Marwan Rahme: how the pandemic has impacted Kanebridge

Managing director says COVID-19 has been another slap in the face for commercial residential property development

Marwan Rahme: how the pandemic has impacted Kanebridge

Despite commercial residential property development suffering yet another blow, Kanebridge Finance is still going strong thanks to its diverse offering. MPA spoke with managing director Marwan Rahme about the effects of COVID-19 on commercial development and why he believes the property coma is set to continue.

Two decades strong

Rahme first got into the commercial broking game 20 years ago after the birth of Kanebridge in 1999. Starting out as a construction economics company, it was mainly focused around quantitative surveying, project management and the construction side of property.
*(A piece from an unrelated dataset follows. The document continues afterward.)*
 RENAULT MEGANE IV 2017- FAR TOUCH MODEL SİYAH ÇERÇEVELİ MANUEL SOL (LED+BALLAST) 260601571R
“What we realised was that one of the key speed bumps around activating projects or projects being successful was finance and funding.”

“So, we got into the financial arm as a value-added service early on in the year 2000, where we provided basic financial advice.”

This led to the creation of a brokerage; the company subsequently branching into home loans, car finance and commercial finance.

Three years of challenge

It has been a rocky road in the world of commercial residential property development recently says Rahme – the pandemic adding further insult to injury.

“COVID-19 is just another slap in the face compared to what’s happened in the last three years in general.”

From about 2017 the property market tap turned off in response to a range of issues.

“You had repercussions with the Hayne Commission, you had issues with the APRA regulations holding back funding and banks changing policies.”

“Then we got into 2020 with a positive outlook,” he says, before going from catastrophic bushfires to a pandemic.

“Just when we thought it couldn’t get any worse in the finance sector, we’ve had COVID kick in where everyone stopped buying, in a sense, or wanting to buy.”

“Most of our space is in the commercial sector, so it’s either purchasing brand new apartments and/or developing brand new apartments, or purchasing development sites to develop brand new apartments.”

“So, that basically came to a screeching halt three years in a row.”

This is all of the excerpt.